Blanka Zizka: Philadelphia’s Drama Queen
As the train rumbled toward the border crossing, the young woman was terrified.
It was a June day in the midst of the Cold War. She was carrying with her a secret, one she dared not share with any of her family or friends. She had left Czechoslovakia before, mostly for Poland, to explore her fascination with theater, which the authorities in that Soviet satellite found less threatening than did the leaders of her own. She’d gone into the woods near Wroclaw to train with famous avant-garde Polish director Jerzy Grotowski.
Blanka Vanickova was 21 years old, tall and lithe and pretty, with brown hair and a radiant smile.
She seemed destined to be on the stage. She’d studied dance since she was a child and had a dancer’s stature and grace, but also a comedienne’s timing. She’d even—and this would make her laugh in later years—studied mime.
It was at a mime workshop that she’d met the young man who sat beside her on the train. Jiri Zizka was handsome and charismatic. He was also brooding and aloof; inside, there were demons lurking. He was very talented, and she was attracted to talent. For the past few years, they’d spent nearly every day together in Prague. Two days before this trip, she’d found out she was pregnant with his child.
As the train neared Germany, Blanka worried that the Czech border guards would search her belongings. She’d packed lightly, because her story for the officials was that she was only leaving for a two-week vacation. Years later, she would come to realize how sharply her life became divided in two by this night. She and Jiri were not coming back. That was their secret.
She’d taken two family heirlooms, a gold pocket watch and a gold Art Nouveau necklace, to sell if they needed money to scrape by. Now, fearing the discovery of those two pieces might give away their plan, Blanka hurried to the bathroom and stashed them behind a toilet, then went back to Jiri’s side to wait and hope they would make the crossing to the other side.
“I still have those pieces,” Blanka Zizka tells me. “I never wear them. Gold is not really my thing.”
I suggest to her that if someone were writing the screenplay of her life, it might well open with that scene in 1976 of hiding the jewelry on the night train into West Germany. She gives me a direct and serious look, pausing a moment to make the latest in a vast accumulation of artistic decisions over more than three decades as a theater director.
“Yes, that might be good,” she says, sounding less than convinced. It’s late afternoon, and we’re sitting alone in two of the 296 seats of the neon-draped Wilma Theater, which Blanka and Jiri Zizka grew from a ragtag start as a feminist experimental troupe into one of Philly’s most respected cultural institutions.
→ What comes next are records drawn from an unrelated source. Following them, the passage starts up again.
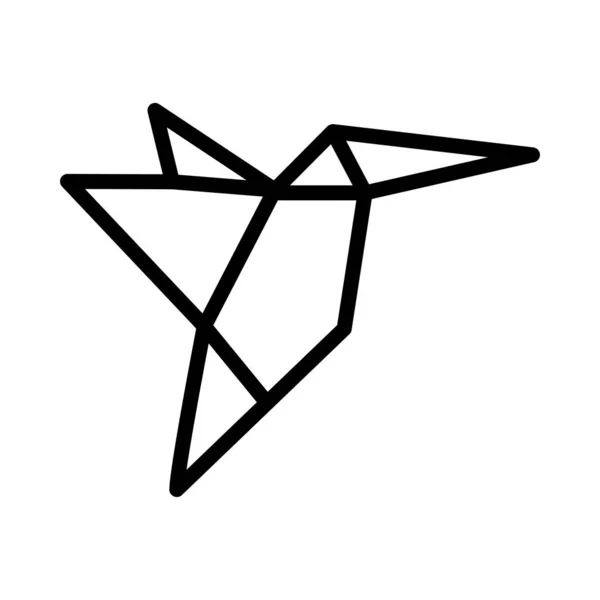 Vogel Web Symbol Vektorillustration — Stockvektor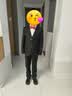 罗蒙男童皮鞋英伦风演出鞋子 黑色镂空皮鞋 34码 内长21.7厘米 实拍图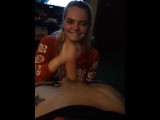 Sexy teen blowjob swallow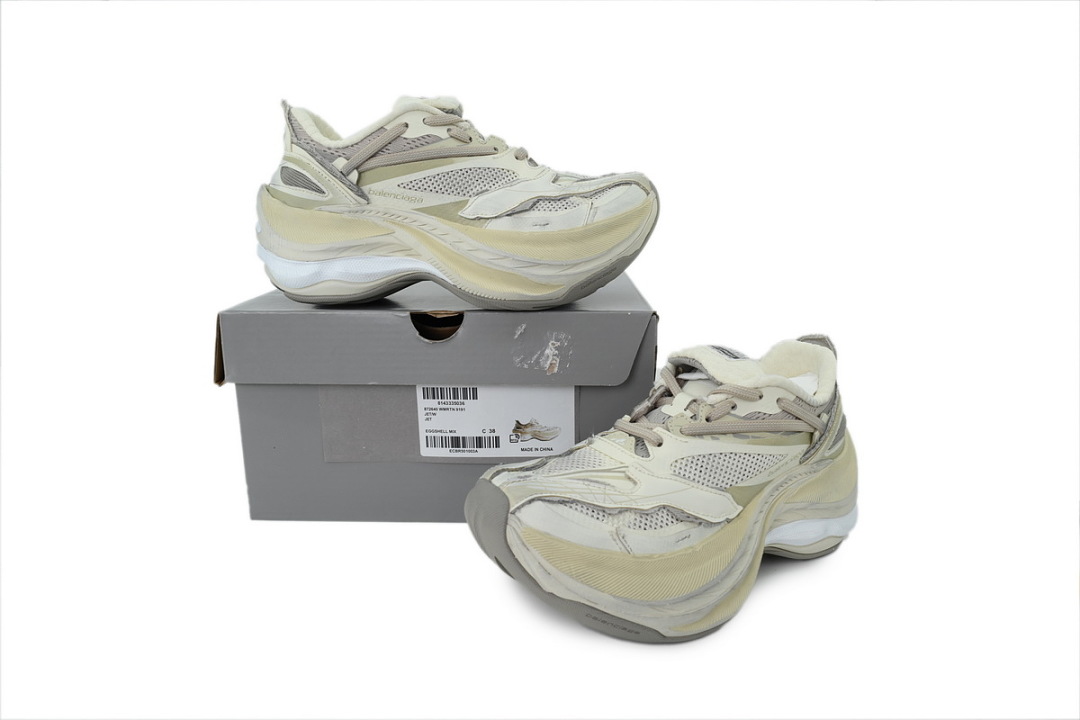 Balenciaga Jet Sneaker Eggshell Mix 872640 WMRTN 9191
Starting in 1979 with a $600 production of Animal Farm in what was probably an illegal loft, the émigré couple transformed the Wilma, with minimal artistic compromise, into a $3 million-a-year company headquartered
on this symbolically important piece of real estate—the first new theater built in Philadelphia in decades, and an early linchpin in what was then a fledgling Avenue of the Arts project.
Along with a handful of other theater companies (Arden, Walnut Street, Philadelphia Theatre Company), Wilma is a flagship leading a growing armada of local professional theaters. (There were 51 at last count.) “They’re sprouting like mushrooms,” Zizka says.
“For a lot of actors in town,” says one relative newcomer, “the Wilma is a coveted place to work.” Edgy and fearless from the start, the Zizkas’ Wilma has had influence in the theater world beyond Philadelphia and has produced works from a long list of premier contemporary playwrights, ranging from Tom Stoppard and Doug Wright to Romulus Linney and Amy Freed. “You get a good feeling going into the Wilma,” Stoppard told me. “Working there, or even just being there—it just seems to be a very shipshape operation.”
“I arrived from a country where politicians considered theater so important, dangerous and subversive that it had to be censored, controlled, and perhaps suppressed altogether,” Blanka Zizka said recently while accepting one of the top awards in the world of regional theaters, named for regional pioneer Zelda Fichandler. These days, she’s more concerned that Pennsylvania politicians will ignore her theater come budget time, and about changing audience behavior that threatens her business model: the prepaid annual subscription. Though the Wilma is firmly established, she says, “I always feel on the edge of a cliff financially.”
She is 58 now. She still radiates that dancer’s poise. Recently, Zizka emerged as sole artistic director of the Wilma, after enduring some backstage drama with Jiri that played like Kiss Me, Kate rewritten by Eugene O’Neill. She is moving into an uncertain future by going back to some of the inspiration that led her to make the risky journey from her homeland in the first place, and trying to refashion the way her actors approach their craft.
Blanka Zizka arrived in this country filled with certainty that theater could subvert ideological agendas and summon shared fundamental human emotions. “For me,” she told her peers 30 years later, as she received her award, “the big question is, how do we return to creating art?”